WHAT THE TASK ASKS:
Return only what lies between the first line of the entries and the line containing "Single story home", both lines included.

DATA FOR THE TASK:
◇ ◇ ◇
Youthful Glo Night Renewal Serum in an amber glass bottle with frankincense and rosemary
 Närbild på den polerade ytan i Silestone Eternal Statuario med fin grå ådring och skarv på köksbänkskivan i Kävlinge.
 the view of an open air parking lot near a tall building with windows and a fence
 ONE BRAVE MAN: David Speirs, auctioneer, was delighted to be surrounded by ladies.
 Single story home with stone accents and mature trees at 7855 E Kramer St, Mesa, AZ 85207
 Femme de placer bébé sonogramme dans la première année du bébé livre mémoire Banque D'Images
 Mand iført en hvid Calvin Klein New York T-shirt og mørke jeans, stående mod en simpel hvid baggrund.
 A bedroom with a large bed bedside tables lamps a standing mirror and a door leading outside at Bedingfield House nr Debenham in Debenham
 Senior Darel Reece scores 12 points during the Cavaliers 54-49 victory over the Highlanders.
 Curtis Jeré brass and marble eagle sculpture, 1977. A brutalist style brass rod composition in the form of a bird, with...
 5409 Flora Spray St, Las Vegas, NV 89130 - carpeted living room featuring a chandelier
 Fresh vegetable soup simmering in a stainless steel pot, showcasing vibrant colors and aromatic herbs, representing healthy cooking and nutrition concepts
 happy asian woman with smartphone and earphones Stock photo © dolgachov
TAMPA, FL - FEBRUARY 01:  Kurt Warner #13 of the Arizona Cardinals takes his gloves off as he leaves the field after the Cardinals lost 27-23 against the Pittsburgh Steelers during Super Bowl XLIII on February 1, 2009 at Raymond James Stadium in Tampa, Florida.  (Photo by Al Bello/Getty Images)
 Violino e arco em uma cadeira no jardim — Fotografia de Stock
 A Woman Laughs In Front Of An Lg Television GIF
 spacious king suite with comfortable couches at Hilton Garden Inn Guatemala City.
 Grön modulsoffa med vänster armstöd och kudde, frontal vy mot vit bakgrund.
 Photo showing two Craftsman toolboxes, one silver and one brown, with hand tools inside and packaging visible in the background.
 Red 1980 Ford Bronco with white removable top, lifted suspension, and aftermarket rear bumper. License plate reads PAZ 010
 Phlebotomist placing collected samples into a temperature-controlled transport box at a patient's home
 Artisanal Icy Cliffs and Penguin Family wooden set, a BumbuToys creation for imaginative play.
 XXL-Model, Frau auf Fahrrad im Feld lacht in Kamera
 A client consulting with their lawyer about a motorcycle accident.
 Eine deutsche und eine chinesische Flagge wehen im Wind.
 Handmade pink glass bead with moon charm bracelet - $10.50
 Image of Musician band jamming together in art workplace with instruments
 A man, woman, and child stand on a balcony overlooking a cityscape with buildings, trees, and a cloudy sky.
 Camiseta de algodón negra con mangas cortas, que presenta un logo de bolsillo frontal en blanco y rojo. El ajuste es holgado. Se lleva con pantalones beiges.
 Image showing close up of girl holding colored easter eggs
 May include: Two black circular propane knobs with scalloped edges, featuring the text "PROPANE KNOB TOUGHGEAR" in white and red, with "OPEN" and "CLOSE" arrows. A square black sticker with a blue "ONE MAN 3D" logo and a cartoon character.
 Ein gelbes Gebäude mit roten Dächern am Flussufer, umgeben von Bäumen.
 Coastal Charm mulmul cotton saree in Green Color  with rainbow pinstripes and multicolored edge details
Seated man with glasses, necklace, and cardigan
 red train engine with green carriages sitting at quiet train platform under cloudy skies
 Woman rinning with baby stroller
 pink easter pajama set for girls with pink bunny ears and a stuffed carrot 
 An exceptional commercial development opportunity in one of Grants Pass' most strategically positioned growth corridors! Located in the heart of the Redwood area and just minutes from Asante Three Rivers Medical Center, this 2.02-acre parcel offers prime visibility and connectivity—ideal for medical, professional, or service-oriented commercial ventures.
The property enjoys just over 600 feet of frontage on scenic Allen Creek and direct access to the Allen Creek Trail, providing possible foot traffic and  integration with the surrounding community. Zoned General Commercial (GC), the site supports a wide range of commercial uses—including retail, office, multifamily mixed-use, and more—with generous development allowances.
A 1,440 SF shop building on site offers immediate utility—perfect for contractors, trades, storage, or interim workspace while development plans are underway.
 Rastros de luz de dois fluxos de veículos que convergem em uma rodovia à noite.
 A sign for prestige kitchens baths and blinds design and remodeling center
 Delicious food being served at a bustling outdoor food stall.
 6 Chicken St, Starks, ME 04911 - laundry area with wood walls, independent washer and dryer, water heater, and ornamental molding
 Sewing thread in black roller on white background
◇ ◇ ◇
TASK RESPONSE:
Youthful Glo Night Renewal Serum in an amber glass bottle with frankincense and rosemary
 Närbild på den polerade ytan i Silestone Eternal Statuario med fin grå ådring och skarv på köksbänkskivan i Kävlinge.
 the view of an open air parking lot near a tall building with windows and a fence
 ONE BRAVE MAN: David Speirs, auctioneer, was delighted to be surrounded by ladies.
 Single story home with stone accents and mature trees at 7855 E Kramer St, Mesa, AZ 85207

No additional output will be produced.